A indicação de queda na abertura das bolsas norte-americanas nesta quinta-feira, após alta ontem, e o Índice Nacional de Preços ao Consumidor Amplo (IPCA) de janeiro acima do esperado impedem o Ibovespa de subir na esteira das commodities.

O petróleo avança em torno de 1,00%, diante das tensões no Oriente Médio. O minério de ferro fechou com elevação de 2,39% em Dalian, na China, a poucos dias do feriado chinês, que começa no dia 10. Às 11h07, as ações da Vale subiam 0,46% e as da Petrobras zeravam a alta.

O Índice Bovespa cedia 0,25%, aos 129.622,52 pontos, ante recuo de 0,35%, com mínima aos 129.497,45 pontos, depois de subir 0,14% (máxima aos 130.125,92 pontos). Ontem, fechou em baixa de 0,36%, aos 129.949,90 pontos, após ter retomado no dia anterior o nível dos 130 mil pontos.

Com o feriado se aproximando na China e o carnaval, que deixará os mercados fechados no Brasil, os negócios estão meio "parados", descreve o estrategista-chefe do Grupo Laatus, Jefferson Laatus. "Acabaram os balanços de peso nos Estados Unidos e os dirigentes do Fed (Federal Reserve, o banco central dos EUA) estão alinhado em seus discursos, indicando paciência quanto ao início do corte de juros americanos", avalia.

As ações do Bradesco, que despencaram ontem entre 15,90% (PN) e 13,02% (ON), após apresentar lucro menor no quarto trimestre do que o esperado, tentam alguma recuperação. Agora, fica no radar a divulgação do balanço do Banco do Brasil (BB), após o fechamento da B3, e do relatório de produção da Petrobras do último trimestre de 2023. Os papéis do BB cediam 0,35% e Bradesco PN subia 0,29%, enquanto ON recuava 0,32%.

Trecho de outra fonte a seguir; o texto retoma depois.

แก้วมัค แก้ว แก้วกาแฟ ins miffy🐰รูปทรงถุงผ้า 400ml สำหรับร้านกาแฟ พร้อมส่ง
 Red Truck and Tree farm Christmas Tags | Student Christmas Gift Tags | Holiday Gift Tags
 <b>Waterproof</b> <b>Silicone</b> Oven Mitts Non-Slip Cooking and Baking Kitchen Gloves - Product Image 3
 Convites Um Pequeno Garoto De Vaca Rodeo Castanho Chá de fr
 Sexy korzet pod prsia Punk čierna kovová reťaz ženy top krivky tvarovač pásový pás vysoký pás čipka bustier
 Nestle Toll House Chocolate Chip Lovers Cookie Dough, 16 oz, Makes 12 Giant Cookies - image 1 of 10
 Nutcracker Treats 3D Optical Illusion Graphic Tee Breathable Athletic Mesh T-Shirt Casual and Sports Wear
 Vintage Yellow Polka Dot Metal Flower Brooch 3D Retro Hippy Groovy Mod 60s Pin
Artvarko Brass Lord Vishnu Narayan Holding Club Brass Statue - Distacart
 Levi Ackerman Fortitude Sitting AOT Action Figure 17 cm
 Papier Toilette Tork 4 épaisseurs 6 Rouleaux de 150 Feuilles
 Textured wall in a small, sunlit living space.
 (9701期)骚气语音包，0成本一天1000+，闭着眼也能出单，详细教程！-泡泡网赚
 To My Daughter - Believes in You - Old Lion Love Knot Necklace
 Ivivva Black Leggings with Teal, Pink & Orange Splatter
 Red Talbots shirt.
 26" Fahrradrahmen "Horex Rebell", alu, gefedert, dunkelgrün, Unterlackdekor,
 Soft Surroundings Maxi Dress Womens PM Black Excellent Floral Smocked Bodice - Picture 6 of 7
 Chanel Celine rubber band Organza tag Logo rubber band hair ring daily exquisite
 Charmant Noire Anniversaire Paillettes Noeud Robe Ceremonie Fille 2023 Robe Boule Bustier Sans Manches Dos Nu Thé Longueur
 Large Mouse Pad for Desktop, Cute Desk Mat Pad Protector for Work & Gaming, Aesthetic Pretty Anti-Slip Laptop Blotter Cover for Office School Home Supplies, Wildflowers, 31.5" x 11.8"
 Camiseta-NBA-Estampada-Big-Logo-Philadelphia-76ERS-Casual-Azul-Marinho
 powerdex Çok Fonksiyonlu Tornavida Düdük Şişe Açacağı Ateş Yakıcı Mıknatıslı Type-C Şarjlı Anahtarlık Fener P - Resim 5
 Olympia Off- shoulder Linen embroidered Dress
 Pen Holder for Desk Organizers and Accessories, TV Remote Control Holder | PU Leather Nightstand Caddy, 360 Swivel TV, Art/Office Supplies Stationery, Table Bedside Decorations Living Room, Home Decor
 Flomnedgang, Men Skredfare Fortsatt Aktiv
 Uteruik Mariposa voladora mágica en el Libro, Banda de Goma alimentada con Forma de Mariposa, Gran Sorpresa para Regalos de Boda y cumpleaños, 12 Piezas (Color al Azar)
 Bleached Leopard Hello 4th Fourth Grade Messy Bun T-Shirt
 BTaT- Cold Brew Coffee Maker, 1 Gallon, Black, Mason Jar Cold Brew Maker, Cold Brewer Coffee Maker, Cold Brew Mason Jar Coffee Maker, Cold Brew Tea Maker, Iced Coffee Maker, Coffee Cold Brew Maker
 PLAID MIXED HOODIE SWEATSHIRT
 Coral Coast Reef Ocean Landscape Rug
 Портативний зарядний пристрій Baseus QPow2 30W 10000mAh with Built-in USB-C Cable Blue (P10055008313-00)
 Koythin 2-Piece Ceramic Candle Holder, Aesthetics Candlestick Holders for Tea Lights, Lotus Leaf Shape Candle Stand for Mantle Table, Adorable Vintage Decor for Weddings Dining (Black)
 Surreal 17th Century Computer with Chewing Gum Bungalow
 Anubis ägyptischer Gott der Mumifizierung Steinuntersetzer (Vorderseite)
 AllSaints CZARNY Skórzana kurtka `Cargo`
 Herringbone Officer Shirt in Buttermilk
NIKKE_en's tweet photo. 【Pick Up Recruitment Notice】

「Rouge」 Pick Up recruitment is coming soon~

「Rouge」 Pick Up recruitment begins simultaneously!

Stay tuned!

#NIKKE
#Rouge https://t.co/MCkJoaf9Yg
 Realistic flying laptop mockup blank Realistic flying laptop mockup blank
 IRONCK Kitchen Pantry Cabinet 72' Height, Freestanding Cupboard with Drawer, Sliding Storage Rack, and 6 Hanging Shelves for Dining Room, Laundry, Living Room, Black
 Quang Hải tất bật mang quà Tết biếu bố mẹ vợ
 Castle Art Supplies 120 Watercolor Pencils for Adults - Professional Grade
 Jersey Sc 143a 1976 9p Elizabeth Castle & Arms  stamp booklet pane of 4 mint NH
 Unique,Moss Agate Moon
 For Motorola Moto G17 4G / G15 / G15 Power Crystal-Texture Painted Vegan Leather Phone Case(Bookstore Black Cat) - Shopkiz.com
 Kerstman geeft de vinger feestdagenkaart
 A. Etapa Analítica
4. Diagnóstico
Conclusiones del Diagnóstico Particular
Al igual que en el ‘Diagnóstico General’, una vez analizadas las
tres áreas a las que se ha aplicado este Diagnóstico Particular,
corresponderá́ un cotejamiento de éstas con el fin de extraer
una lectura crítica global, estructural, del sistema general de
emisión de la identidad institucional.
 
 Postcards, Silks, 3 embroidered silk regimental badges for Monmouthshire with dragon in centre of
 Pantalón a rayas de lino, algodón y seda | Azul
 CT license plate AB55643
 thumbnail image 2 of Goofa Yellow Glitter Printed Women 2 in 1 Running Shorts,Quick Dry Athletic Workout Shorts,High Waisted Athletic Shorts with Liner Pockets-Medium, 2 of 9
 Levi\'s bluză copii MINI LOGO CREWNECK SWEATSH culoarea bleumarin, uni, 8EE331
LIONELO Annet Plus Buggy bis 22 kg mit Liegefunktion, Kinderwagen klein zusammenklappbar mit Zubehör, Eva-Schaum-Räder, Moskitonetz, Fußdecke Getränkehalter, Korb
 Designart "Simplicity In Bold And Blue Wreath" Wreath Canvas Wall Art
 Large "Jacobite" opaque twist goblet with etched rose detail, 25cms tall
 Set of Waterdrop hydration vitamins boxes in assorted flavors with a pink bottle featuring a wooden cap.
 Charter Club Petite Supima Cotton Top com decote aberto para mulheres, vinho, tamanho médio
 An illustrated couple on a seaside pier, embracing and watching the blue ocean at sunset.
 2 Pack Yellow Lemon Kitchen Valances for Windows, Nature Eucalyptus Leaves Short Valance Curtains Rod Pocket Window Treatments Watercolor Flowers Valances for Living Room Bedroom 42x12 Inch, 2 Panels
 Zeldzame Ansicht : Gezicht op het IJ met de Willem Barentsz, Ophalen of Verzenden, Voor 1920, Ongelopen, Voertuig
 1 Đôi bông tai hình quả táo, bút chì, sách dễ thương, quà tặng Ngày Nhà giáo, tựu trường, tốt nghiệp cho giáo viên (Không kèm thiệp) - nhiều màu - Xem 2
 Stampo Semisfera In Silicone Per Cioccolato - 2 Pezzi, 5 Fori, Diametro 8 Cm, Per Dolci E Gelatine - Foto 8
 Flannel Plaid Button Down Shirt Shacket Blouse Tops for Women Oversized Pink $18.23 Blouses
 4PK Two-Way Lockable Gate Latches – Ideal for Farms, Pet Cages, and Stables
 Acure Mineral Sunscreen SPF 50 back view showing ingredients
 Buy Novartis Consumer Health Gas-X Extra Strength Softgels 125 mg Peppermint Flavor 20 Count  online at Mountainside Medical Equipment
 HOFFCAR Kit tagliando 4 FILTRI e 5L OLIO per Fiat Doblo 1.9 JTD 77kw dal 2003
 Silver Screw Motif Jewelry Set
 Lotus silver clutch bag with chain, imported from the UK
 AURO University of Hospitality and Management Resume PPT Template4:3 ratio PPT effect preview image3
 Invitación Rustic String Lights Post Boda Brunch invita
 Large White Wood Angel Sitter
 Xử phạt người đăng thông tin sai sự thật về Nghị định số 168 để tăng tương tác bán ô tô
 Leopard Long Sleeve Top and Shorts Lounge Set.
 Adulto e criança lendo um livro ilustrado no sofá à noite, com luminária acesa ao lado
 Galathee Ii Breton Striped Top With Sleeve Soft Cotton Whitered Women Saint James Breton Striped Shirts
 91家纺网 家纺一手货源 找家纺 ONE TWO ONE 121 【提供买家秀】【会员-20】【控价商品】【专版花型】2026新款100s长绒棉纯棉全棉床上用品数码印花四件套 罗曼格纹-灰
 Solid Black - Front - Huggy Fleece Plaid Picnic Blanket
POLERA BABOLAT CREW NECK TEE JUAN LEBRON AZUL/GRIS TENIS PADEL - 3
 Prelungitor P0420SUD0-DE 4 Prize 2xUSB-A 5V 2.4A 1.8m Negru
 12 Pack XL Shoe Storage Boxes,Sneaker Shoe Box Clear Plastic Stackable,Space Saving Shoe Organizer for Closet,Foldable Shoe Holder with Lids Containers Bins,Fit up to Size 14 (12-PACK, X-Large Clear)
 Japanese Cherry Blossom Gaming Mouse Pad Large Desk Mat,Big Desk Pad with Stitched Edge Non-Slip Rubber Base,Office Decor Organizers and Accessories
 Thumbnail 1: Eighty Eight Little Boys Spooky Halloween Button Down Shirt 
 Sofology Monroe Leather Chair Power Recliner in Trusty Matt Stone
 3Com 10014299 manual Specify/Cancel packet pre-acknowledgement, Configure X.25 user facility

Hoje, o Instituto Brasileiro de Geografia e Estatística (IBGE) informou que o IPCA fechou janeiro com alta de 0,42%, ante 0,56% em dezembro. O resultado superou a mediana de 0,35% das estimativas na pesquisa do Projeções Broadcast.

O avanço da taxa de inflação mais do que o previsto influencia negativamente algumas ações ligadas ao consumo, dada a alta já vista nos juros futuros.

Segundo o economista André Perfeito, "houve piora qualitativa do índice", com os núcleos apresentando certa aceleração e a dispersão mantendo-se em nível elevado.

A despeito da aceleração, Perfeito reitera em nota seu cenário de Selic em 9,75% ao final do ciclo. O economista explica que, se de um lado o IPCA tende a ficar relativamente estável, por outro, "a dinâmica do mercado de trabalho tende a pressionar serviços".